[Start of section]

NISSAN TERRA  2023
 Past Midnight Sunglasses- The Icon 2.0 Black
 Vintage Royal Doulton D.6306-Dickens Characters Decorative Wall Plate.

[End of section]

- [ASSIGNMENT]: What you return must be the line that contains "Past Midnight Sunglasses- The Icon 2.0 Black" followed by every remaining line of the material, all exactly as written and nothing more.

- [EXERCISE OUTPUT]:
 Past Midnight Sunglasses- The Icon 2.0 Black
 Vintage Royal Doulton D.6306-Dickens Characters Decorative Wall Plate.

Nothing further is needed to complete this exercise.